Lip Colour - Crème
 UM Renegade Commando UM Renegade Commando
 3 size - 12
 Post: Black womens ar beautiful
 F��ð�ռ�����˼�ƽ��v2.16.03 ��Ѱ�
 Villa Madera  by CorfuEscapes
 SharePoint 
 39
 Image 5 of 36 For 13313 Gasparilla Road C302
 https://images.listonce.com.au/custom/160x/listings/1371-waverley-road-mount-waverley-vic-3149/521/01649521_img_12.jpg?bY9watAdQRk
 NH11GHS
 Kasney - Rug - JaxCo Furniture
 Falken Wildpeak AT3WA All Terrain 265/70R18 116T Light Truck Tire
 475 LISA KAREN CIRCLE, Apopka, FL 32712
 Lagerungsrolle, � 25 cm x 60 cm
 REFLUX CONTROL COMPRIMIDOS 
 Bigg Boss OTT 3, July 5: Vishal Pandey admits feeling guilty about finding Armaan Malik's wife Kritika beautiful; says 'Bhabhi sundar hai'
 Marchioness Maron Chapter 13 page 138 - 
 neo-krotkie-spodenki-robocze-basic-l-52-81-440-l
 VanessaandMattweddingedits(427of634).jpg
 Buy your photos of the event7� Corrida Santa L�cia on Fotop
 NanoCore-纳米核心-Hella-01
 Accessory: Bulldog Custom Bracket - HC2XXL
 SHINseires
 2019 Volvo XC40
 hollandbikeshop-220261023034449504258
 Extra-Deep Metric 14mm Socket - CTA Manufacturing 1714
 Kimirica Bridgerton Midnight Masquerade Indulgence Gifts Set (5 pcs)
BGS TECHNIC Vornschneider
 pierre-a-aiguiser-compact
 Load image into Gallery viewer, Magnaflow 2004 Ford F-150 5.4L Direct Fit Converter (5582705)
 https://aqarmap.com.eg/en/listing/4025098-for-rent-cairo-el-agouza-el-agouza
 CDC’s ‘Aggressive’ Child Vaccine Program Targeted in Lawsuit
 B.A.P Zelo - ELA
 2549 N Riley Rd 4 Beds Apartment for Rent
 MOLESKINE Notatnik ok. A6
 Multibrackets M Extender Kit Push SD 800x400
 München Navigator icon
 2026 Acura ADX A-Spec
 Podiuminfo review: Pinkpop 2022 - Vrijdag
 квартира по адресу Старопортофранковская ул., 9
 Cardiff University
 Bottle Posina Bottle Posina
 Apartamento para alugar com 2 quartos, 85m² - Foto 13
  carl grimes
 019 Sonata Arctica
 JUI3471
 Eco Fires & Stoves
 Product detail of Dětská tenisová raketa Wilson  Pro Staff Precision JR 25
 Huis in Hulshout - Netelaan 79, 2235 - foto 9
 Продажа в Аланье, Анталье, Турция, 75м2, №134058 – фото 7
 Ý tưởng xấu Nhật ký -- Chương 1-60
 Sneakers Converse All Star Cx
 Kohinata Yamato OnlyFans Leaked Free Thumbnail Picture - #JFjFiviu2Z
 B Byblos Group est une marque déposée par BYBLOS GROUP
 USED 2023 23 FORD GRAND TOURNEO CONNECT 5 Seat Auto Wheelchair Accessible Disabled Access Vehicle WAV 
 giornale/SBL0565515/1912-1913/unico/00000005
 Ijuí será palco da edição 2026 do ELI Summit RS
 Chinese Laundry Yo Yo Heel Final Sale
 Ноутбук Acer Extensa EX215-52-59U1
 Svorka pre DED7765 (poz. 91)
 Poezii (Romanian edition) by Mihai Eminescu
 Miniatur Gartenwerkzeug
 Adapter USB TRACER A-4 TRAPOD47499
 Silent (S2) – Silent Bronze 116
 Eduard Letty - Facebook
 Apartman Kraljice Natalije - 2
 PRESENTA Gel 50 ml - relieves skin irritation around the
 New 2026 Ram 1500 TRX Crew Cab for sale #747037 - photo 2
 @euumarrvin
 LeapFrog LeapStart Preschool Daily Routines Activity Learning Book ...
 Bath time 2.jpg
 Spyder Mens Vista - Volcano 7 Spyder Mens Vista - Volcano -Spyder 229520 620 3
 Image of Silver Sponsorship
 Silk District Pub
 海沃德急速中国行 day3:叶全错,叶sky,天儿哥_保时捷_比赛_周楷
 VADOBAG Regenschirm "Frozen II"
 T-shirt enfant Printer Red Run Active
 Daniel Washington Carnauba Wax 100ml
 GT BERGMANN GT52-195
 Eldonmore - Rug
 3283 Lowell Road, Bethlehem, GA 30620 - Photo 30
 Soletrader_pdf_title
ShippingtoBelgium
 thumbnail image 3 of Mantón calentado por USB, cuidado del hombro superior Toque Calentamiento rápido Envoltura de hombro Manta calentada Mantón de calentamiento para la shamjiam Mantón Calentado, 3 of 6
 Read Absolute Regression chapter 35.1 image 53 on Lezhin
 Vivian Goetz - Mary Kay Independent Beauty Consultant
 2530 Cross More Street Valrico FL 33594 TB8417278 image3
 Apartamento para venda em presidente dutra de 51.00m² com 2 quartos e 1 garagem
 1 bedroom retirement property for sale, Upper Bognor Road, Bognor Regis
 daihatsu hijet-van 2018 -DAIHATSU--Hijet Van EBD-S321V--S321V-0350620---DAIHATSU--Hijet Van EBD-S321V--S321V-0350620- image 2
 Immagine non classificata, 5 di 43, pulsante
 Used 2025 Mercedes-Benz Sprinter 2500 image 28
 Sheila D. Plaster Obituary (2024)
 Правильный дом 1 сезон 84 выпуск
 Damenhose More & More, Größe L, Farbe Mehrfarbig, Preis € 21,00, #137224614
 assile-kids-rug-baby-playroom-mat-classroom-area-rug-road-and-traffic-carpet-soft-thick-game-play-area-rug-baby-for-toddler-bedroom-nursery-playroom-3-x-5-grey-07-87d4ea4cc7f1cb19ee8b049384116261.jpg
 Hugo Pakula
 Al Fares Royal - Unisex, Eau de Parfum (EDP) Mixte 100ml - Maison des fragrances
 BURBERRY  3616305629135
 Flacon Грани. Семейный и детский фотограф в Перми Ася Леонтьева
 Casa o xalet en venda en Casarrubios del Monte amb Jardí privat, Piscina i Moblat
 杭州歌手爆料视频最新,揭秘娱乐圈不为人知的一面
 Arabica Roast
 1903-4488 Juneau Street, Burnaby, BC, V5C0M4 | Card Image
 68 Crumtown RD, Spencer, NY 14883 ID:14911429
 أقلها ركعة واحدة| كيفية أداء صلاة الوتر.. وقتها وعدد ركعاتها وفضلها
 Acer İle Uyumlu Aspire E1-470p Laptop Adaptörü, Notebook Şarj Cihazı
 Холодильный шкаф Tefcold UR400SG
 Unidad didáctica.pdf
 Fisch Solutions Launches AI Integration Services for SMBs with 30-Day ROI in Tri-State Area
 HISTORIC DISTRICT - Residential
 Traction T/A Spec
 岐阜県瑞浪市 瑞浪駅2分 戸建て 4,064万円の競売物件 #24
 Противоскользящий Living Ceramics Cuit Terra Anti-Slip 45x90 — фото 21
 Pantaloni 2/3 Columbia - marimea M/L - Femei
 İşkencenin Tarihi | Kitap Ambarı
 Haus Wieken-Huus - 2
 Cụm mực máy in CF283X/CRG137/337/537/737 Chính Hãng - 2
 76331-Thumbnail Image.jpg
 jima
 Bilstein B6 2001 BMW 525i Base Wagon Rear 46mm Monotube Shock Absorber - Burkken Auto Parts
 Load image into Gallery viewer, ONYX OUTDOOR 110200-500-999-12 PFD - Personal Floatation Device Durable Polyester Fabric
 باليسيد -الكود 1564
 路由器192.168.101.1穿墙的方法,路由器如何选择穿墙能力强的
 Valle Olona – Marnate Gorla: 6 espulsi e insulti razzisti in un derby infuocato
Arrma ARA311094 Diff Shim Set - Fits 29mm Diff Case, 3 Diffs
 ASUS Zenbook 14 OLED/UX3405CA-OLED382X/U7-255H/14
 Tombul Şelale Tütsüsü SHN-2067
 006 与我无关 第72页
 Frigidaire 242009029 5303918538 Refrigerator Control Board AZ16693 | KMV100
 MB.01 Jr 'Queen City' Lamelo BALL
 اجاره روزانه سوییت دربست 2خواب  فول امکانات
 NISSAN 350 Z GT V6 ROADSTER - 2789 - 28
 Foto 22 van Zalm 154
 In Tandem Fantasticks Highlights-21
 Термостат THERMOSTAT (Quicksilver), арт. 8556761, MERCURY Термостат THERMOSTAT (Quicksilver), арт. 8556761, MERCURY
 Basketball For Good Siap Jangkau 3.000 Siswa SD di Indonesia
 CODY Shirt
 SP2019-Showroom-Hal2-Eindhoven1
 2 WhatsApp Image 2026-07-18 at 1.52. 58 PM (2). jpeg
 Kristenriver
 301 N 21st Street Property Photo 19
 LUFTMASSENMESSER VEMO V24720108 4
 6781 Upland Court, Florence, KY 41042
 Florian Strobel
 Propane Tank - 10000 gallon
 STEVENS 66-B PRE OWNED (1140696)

========================

Directions for this task
Copy each line of the records that has "viewer" in it.

Answer to the problem
 Load image into Gallery viewer, Magnaflow 2004 Ford F-150 5.4L Direct Fit Converter (5582705)
 Load image into Gallery viewer, ONYX OUTDOOR 110200-500-999-12 PFD - Personal Floatation Device Durable Polyester Fabric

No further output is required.